I agree that maintaining a mapping of (say) templates to components is more complex than finding some markup for it. However, I still think that defining a decent DOM representation is important for usability and performance when working with such components. When working on a DOM, we should be able to match an infobox or navbox in a single DOM selector. When working at the bytestream level for high-volume applications with latency demands, having a safe way to extract page components at the string level is very valuable, too.

To add to this, there are pages like https://en.wikipedia.org/wiki/Indian_cuisine where navboxes are positioned closer to where an infobox usually lives. There are also articles like this one that have navboxes both in the infobox position, and at the end of the article. This positioning seems sensible in a desktop context. We could make their expansion / following their custom placement optional with placeholder tags (as discussed in T105845#1650013) and serve them separately, but I think removing any trace of of their original position isn't really an option at this point.

Navcolumns are often used as a table of contents over articles, and their placement reflects that. https://en.wikipedia.org/wiki/Science is a good example - the top-level article has a navcolumn, the direct children show the navcolumn with the respective section open, and the grandchildren use topic-specific navboxes instead. It's a very helpful pattern IMO when you are searching for something and going top-down in some subject - chances are you know the top topic name but not the subtopic name, so you will need to navigate from Science to Material science much more often than in the opposite direction, or from one grandchild to other. (That last one is what navboxes are for - you have finished reading or scrolling through the article and are looking for related topics.) Navcolumns deserve their own component, distinct from naxboxes, IMO.

There are also the articles which have multiple infoboxes. E.g. w:en:Mini has 9 distinct infoboxes. I'm not sure how widespread this pattern is, but I believe vehicle and media articles often use it? (when a subtopic isn't sufficiently notable, or sufficiently detailed, to be split into a separate page/stub, but does benefit from an infobox in its section).

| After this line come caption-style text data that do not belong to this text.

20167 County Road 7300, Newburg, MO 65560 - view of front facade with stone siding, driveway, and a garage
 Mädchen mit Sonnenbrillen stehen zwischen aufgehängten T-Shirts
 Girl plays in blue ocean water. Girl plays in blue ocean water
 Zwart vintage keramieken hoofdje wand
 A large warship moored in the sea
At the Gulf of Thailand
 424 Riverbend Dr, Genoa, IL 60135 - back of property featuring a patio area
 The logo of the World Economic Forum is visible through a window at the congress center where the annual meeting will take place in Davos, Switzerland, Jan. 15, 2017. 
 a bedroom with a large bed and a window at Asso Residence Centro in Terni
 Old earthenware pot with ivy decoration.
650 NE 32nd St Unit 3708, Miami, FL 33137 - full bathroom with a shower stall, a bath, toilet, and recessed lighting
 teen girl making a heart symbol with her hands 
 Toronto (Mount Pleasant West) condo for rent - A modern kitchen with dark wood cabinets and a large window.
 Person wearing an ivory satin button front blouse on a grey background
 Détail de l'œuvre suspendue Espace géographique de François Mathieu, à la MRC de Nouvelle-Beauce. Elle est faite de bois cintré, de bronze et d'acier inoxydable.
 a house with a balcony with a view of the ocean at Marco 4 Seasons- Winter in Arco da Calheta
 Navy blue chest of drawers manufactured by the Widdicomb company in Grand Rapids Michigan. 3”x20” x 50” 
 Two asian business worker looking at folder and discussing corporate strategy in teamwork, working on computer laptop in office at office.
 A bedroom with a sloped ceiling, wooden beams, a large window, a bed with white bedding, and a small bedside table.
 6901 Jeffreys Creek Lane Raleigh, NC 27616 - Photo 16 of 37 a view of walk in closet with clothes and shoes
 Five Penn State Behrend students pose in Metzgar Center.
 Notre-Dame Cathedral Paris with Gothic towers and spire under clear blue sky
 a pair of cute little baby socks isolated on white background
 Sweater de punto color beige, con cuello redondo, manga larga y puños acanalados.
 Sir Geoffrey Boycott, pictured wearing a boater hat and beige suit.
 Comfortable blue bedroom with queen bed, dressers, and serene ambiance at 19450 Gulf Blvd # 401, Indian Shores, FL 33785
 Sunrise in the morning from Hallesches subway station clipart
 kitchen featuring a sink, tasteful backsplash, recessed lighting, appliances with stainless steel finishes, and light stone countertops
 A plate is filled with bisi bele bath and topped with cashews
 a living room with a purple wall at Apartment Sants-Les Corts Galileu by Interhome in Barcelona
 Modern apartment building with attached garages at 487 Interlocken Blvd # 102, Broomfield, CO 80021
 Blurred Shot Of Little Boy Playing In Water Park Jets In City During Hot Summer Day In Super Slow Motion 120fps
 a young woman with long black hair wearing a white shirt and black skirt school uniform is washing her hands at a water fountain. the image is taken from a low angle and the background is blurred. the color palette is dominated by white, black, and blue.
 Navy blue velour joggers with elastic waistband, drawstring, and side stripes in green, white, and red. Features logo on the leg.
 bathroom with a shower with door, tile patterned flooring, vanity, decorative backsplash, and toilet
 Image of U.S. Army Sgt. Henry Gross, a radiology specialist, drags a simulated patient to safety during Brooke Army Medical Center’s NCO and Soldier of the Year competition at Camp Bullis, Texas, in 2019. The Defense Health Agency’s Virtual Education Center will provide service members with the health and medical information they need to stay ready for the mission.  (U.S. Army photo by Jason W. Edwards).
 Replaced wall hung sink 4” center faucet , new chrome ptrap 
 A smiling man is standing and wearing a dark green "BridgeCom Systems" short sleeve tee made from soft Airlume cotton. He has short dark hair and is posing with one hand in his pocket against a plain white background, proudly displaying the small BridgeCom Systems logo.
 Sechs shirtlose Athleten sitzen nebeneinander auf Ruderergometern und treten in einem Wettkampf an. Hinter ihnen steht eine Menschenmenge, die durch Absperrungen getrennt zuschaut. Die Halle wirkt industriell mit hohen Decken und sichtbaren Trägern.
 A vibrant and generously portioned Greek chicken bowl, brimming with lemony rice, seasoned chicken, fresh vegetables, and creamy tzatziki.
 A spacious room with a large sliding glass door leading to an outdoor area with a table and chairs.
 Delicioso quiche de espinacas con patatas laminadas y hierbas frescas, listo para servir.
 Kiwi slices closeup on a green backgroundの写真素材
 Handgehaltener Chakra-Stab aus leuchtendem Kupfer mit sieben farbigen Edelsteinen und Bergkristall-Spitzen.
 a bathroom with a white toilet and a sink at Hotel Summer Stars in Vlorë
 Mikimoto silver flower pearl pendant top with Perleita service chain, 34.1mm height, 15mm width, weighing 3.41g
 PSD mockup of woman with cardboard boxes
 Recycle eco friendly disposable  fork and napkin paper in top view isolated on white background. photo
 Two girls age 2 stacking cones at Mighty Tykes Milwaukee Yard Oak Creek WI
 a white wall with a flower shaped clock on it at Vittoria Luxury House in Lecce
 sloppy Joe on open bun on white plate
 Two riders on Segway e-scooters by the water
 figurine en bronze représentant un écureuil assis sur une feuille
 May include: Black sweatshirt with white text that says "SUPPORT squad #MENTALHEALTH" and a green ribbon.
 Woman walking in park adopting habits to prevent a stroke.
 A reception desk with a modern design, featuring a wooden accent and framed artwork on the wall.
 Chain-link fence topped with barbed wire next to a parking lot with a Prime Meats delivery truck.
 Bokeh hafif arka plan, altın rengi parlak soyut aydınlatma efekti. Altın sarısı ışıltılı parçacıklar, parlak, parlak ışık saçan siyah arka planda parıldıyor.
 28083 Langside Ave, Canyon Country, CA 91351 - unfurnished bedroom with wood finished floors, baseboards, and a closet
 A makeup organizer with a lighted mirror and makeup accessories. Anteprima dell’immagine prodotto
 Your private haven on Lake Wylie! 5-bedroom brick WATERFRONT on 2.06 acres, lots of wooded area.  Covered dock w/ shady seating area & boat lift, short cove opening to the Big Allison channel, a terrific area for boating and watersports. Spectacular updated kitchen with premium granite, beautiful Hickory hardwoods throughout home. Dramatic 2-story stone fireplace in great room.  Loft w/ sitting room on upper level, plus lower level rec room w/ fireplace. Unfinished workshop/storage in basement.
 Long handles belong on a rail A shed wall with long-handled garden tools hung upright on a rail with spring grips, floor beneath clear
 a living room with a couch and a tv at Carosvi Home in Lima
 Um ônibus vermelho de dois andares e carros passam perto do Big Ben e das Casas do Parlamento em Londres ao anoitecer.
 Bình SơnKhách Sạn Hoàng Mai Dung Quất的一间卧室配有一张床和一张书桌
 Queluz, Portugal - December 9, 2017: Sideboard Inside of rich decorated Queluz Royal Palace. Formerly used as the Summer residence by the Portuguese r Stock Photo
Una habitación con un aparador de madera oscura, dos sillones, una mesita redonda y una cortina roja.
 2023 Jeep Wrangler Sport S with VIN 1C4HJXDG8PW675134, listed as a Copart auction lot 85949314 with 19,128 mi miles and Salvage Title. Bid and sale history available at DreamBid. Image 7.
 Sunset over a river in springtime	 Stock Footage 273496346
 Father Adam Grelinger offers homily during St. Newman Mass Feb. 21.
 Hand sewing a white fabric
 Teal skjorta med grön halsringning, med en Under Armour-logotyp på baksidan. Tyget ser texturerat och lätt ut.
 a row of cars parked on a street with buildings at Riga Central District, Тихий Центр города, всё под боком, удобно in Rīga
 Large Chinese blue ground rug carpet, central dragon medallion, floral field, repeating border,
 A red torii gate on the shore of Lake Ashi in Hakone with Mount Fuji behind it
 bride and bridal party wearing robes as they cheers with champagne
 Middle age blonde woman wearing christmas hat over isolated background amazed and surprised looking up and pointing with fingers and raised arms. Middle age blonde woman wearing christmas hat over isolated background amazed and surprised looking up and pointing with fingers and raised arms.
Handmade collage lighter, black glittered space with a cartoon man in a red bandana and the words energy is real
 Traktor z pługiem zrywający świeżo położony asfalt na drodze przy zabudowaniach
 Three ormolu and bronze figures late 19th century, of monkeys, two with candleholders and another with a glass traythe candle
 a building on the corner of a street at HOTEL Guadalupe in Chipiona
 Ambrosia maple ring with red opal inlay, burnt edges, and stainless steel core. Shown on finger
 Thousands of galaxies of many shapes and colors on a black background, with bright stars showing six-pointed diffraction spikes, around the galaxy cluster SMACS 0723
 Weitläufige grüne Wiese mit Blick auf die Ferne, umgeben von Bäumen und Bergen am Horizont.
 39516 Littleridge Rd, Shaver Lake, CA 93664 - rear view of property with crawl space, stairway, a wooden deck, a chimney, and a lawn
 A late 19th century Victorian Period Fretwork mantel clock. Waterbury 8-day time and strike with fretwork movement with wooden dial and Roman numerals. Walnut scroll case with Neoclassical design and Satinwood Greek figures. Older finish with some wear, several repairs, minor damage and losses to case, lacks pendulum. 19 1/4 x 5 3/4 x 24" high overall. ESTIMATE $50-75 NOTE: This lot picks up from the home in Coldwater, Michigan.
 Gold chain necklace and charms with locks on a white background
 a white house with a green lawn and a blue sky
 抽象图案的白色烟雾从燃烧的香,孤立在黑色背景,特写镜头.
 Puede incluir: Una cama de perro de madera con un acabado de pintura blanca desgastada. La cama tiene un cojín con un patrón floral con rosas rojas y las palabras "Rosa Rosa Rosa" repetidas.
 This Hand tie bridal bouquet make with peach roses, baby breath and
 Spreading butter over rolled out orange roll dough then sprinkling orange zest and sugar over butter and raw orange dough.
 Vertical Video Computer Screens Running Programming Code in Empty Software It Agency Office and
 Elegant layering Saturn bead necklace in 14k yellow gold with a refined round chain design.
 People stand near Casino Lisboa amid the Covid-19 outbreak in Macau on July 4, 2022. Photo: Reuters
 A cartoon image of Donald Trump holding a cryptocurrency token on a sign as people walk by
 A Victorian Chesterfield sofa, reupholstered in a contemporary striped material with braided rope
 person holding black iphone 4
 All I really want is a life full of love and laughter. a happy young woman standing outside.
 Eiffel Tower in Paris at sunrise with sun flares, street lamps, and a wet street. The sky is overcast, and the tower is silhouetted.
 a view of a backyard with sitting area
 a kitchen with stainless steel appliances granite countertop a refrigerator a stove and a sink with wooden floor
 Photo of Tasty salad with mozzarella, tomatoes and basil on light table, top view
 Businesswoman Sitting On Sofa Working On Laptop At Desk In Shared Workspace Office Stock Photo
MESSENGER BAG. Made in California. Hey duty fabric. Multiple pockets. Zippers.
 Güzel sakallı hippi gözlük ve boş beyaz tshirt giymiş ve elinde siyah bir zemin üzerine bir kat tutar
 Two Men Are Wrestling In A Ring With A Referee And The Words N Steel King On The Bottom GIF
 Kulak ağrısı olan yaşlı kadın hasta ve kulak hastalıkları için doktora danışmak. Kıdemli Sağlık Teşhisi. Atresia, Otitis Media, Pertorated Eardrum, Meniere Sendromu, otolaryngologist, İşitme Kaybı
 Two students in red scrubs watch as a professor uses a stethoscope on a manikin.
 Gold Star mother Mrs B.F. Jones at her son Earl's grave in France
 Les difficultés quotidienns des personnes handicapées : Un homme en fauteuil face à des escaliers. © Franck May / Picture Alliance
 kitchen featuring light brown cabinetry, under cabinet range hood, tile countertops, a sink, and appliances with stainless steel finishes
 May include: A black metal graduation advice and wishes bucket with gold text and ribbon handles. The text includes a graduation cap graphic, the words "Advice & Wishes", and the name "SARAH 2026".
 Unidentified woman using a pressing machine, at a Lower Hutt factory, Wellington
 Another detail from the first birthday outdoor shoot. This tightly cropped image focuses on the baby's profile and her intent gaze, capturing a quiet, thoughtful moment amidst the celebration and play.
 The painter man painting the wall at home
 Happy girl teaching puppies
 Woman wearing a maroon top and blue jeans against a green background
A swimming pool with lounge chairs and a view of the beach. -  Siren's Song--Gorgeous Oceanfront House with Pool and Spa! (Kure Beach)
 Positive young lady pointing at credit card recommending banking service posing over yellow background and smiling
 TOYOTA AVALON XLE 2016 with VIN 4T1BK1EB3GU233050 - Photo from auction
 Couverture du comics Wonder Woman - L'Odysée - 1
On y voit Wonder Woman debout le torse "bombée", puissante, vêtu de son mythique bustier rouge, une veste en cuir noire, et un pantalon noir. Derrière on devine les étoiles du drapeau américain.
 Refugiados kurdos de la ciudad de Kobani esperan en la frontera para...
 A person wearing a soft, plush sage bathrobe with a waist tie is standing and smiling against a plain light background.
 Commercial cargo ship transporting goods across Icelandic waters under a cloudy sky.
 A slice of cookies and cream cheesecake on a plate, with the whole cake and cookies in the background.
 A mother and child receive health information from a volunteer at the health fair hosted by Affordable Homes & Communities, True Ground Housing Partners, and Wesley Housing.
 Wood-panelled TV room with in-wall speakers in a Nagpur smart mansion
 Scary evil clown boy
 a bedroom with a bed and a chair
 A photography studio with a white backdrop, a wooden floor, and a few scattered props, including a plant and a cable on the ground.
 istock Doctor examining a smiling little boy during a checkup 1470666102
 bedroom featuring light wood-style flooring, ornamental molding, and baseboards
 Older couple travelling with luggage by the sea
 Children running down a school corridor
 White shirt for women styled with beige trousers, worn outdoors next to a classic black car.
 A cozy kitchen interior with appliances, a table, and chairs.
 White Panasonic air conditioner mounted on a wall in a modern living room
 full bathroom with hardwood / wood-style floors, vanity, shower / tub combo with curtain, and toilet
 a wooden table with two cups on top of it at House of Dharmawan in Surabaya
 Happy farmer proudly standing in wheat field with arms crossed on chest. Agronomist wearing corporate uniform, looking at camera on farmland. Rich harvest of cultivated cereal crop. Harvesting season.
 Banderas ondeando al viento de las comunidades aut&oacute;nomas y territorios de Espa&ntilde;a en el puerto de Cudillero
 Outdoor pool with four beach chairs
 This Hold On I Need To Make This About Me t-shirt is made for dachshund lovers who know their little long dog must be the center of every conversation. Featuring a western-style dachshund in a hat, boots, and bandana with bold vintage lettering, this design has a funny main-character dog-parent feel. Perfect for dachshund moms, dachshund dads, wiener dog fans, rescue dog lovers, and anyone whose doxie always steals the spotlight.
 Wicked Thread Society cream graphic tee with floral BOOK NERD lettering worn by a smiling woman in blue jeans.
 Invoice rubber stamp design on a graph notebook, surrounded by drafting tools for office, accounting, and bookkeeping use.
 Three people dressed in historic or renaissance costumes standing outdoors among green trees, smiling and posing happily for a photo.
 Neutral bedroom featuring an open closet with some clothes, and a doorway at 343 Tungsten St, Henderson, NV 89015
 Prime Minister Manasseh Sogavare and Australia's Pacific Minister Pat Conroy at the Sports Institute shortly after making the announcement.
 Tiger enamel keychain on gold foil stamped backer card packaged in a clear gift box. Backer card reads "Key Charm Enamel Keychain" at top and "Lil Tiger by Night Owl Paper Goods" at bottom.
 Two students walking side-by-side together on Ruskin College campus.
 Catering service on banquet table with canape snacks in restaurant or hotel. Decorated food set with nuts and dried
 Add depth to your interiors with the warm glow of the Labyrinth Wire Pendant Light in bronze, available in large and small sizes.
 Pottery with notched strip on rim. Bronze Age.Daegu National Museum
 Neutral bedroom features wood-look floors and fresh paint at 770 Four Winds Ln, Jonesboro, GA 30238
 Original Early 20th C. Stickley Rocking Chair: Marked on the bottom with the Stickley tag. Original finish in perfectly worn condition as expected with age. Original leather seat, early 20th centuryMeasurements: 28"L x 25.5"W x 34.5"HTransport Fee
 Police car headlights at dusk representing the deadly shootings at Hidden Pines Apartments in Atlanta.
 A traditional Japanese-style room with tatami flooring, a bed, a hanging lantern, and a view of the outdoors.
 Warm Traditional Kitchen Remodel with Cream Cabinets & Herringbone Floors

There's also the pattern of a "single" infobox composed of multiple parts, e.g. the modular w:en:Template:Infobox animanga as used in e.g. w:en:Mushishi. A glance through the interwiki links, shows this pattern is used in many other languages. (Second example: w:en:Template:Infobox_ship_begin as used in e.g. USS Bang.)

Wikimedia Developer Summit 2016 ended two weeks ago. This task is still open. If the session in this task took place, please make sure 1) that the session Etherpad notes are linked from this task, 2) that followup tasks for any actions identified have been created and linked from this task, 3) to change the status of this task to "resolved". If this session did not take place, change the task status to "declined". If this task itself has become a well-defined action which is not finished yet, drag and drop this task into the "Work continues after Summit" column on the project workboard. Thank you for your help!

RobLa-WMF mentioned this in Unknown Object (Event).May 11 2016, 12:09 AM

The idea's quite interesting but has fallen out of discussion some time ago. Shall we remove from the TechCom RFC list, or is there a party interested in taking it back on?

Krinkle renamed this task from Page components / content widgets to RFC: Page components / content widgets.Jan 31 2018, 12:25 AM

Dropping this off the RFC board, since it's not actionable. Adding to TechCom radar, since this seems relevant to platform evolution.